## Instructions for the task
Output the listing below verbatim, without images.

## Data block
:::::
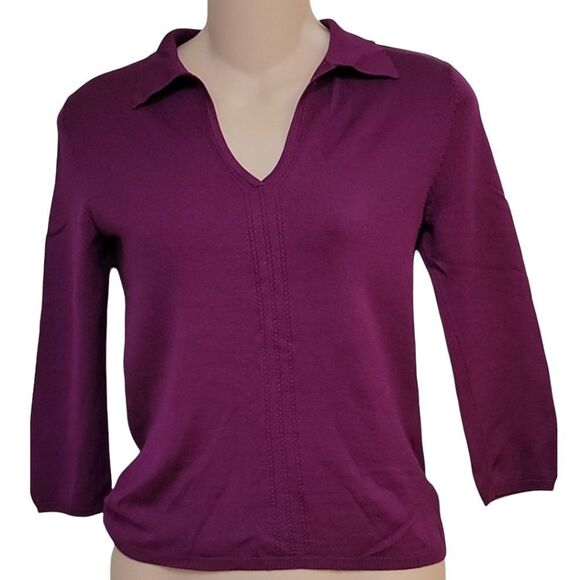 3/4 Sleeve Purple Silk Blend  V-Neck  Sweater - Picture 1 of 6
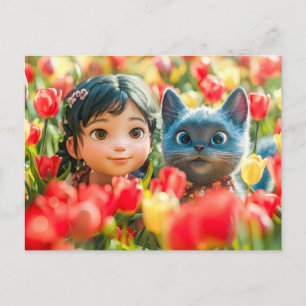 Cartes Pour Fêtes Annuelles Imaginaire de printemps Fille et chat dans les tul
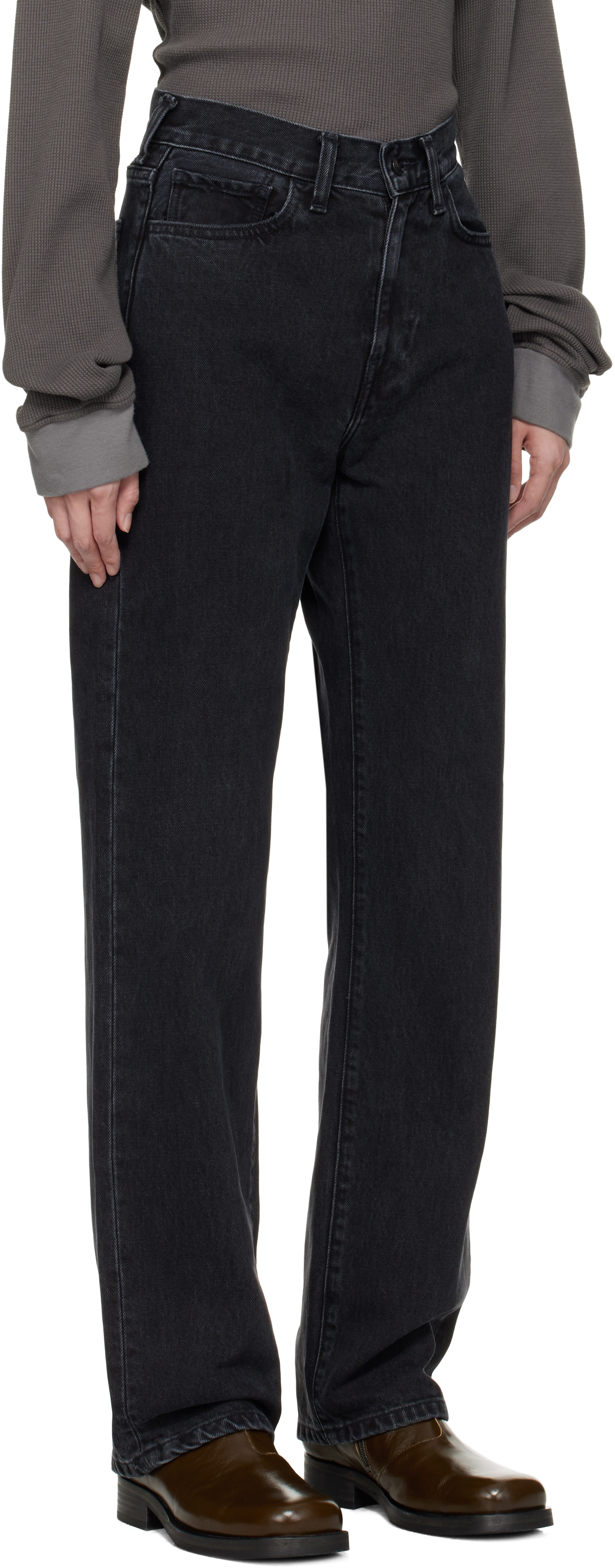 Carhartt Black Noxon Jeans In Stone Washed Black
:::::
## Task solution
 3/4 Sleeve Purple Silk Blend  V-Neck  Sweater - Picture 1 of 6
 Cartes Pour Fêtes Annuelles Imaginaire de printemps Fille et chat dans les tul
 Carhartt Black Noxon Jeans In Stone Washed Black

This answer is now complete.